Ich weiß nicht mehr so recht wie es dazu kam, aber wir beschlossen eine Popp-Beziehung zu führen. Tja ziemlich selbst zerstörerisch sowas, wenn man bedenkt, dass ich schon Gefühle für ihn hatte. Obwohl ich ja zugeben muss, dass ich auch noch Gefühle für meinen Ex hatte. Ziemlich verfahrene Situation war das.

Anfang Dezember besuchte ich René für eine Woche. Er war sich da schon seiner Gefühle zu mir nicht mehr sicher. Da fing ich an in der Luft zu hängen.
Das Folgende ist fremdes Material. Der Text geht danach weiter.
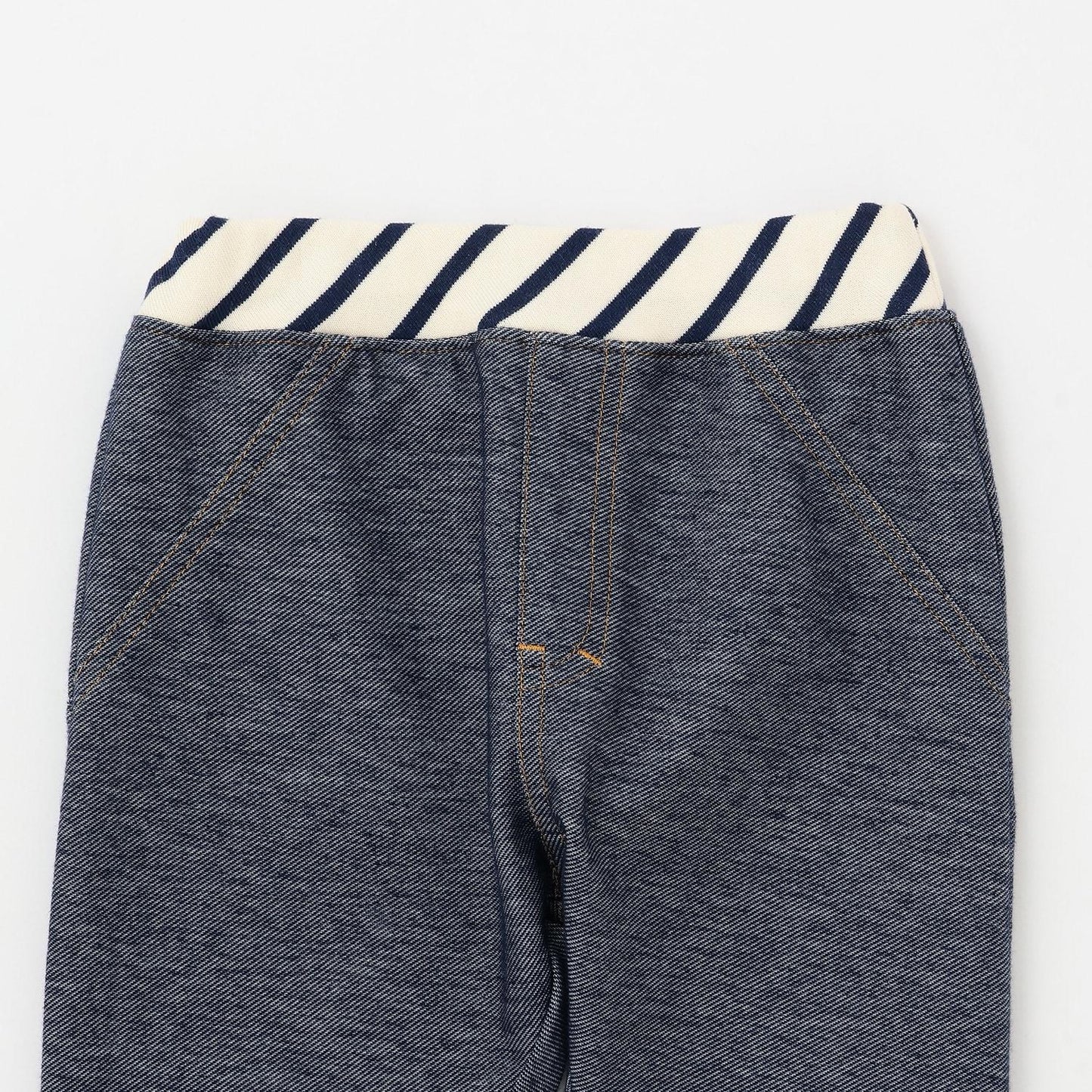 Girls 針織牛仔褲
Sollte ich mir doch Hoffnung machen oder nicht? Er kam einfach mit der Sprache nicht raus. Das, was er sagte verstand ich meistens nicht. Auf der einen Seite wollte er keine Beziehung, weil ich zu weit weg wohnte und er auch zu wenig Zeit für eine Freundin hätte durch sein Abendstudium. Aber er sagte auch immer wieder, dass er nichts für mich fühlen würde. Da fragte ich mich natürlich, wieso kuschelt er dann soviel mit mir und benimmt sich so liebevoll mir gegenüber und springt nicht nur einfach mit mir ins Bett? Wieso benimmt er sich fast so als wären wir zusammen?

Ich wusste nicht, was ich denken sollte. Und immer war im Hinterkopf der Gedanke, was wenn mein Ex zu mir zurückkommen würde? Ich war mir so unsicher wie noch nie im Leben. Ich wusste ich fühle noch für meinen Ex, ich wusste aber auch ich fühle für René. Ich versuchte so wenig wie möglich an das alles zu denken, doch es setzte mir ziemlich zu.

Aber am 19.12. kam René dann doch zu der Entscheidung, dass er eine Beziehung mit mir eingehen möchte und dass er sich in mich verliebt hätte.

Das war der glücklichste Tag meines Lebens. Ich freute mich riesig, ich hätte vor Glück heulen können. Und doch gab es in der ersten Zeit der Beziehung Zweifel bei mir. Wie ich vorhin schon erwähnte, spukte mein Ex mir noch im Kopf rum. Aber das ließ ziemlich schnell nach muss ich sagen. 🙂

Heute bin ich die glücklichste Frau auf der Welt.

Ich liebe Dich mein Schatz und nur Dich allein.